Center for Public Health Nutrition, Department of Epidemiology, University of Washington, Seattle, WA98105, USA.
Division of Public Health Sciences, Department of Cancer Prevention, Fred Hutchinson Cancer Research Center, Seattle, WA98109, USA.
Br J Nutr. 2021 Sep 14;126(5):773-781. doi: 10.1017/S0007114520004705. Epub 2020 Nov 23.
Higher consumption of 'ultra-processed' (UP) foods has been linked to adverse health outcomes. The present paper aims to characterise percentage energy from UP foods by participant socio-economic status (SES), diet quality, self-reported food expenditure and energy-adjusted diet cost. Participants in the population-based Seattle Obesity Study III (n 755) conducted in WA in 2016-2017 completed socio-demographic and food expenditure surveys and the FFQ. Education and residential property values were measures of SES. Retail prices of FFQ component foods (n 378) were used to estimate individual-level diet cost. Healthy Eating Index (HEI-2015) and Nutrient Rich Food Index 9.3 (NRF9.3) were measures of diet quality. UP foods were identified following NOVA classification. Multivariable linear regressions were used to test associations between UP foods energy, socio-demographics, two estimates of food spending and diet quality measures. Higher percentage energy from UP foods was associated with higher energy density, lower HEI-2015 and NRF9.3 scores. The bottom decile of diet cost ($216·4/month) was associated with 67·5 % energy from UP foods; the top decile ($369·9/month) was associated with only 48·7 % energy from UP foods. Percentage energy from UP foods was inversely linked to lower food expenditures and diet cost. In multivariate analysis, percentage energy from UP foods was predicted by lower food expenditures, diet cost and education, adjusting for covariates. Percentage energy from UP foods was linked to lower food spending and lower SES. Efforts to reduce UP foods consumption, an increasingly common policy measure, need to take affordability, food expenditures and diet costs into account.

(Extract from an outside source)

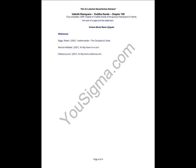Thus completes 105th chapter of Yuddha Kanda of the glorious Ramayana of Valmiki, the work of a sage and the oldest epic. Sri Moola Rama Vijayate. Om Sri Krishna and Panamastu.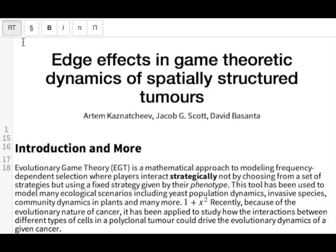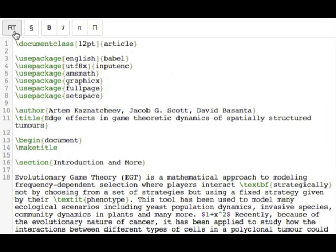Behind this rich text view, we've still got the LaTeX code, so we've preserved the semantic structure of the document and you've still got the full power of LaTeX there if you want it.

更高的“超加工”(UP)食品摄入量与不良健康结果有关。本研究旨在根据参与者的社会经济地位(SES)、饮食质量、自我报告的食物支出和能量调整后的饮食成本来描述 UP 食品的能量百分比。在 2016-2017 年于华盛顿州进行的基于人群的西雅图肥胖研究 III (n 755)中,参与者完成了社会人口统计学和食物支出调查以及 FFQ。教育和住宅物业价值是 SES 的衡量标准。FFQ 成分食品的零售价格(n 378)用于估计个体水平的饮食成本。健康饮食指数(HEI-2015)和营养丰富食品指数 9.3(NRF9.3)是饮食质量的衡量标准。超加工食品是按照 NOVA 分类法识别的。多元线性回归用于检验 UP 食品能量与社会人口统计学、两种食物支出估计值和饮食质量衡量标准之间的关联。较高的 UP 食品能量百分比与较高的能量密度、较低的 HEI-2015 和 NRF9.3 评分相关。饮食成本最低的十分位数(每月 216.4 美元)与 67.5%的 UP 食品能量相关;饮食成本最高的十分位数(每月 369.9 美元)与仅 48.7%的 UP 食品能量相关。UP 食品的能量百分比与较低的食物支出和饮食成本呈负相关。在多元分析中,调整协变量后,UP 食品的能量百分比与较低的食物支出、饮食成本和教育相关。UP 食品的能量百分比与较低的食物支出和较低的 SES 相关。减少 UP 食品消费的努力,这是一种越来越常见的政策措施,需要考虑到可负担性、食物支出和饮食成本。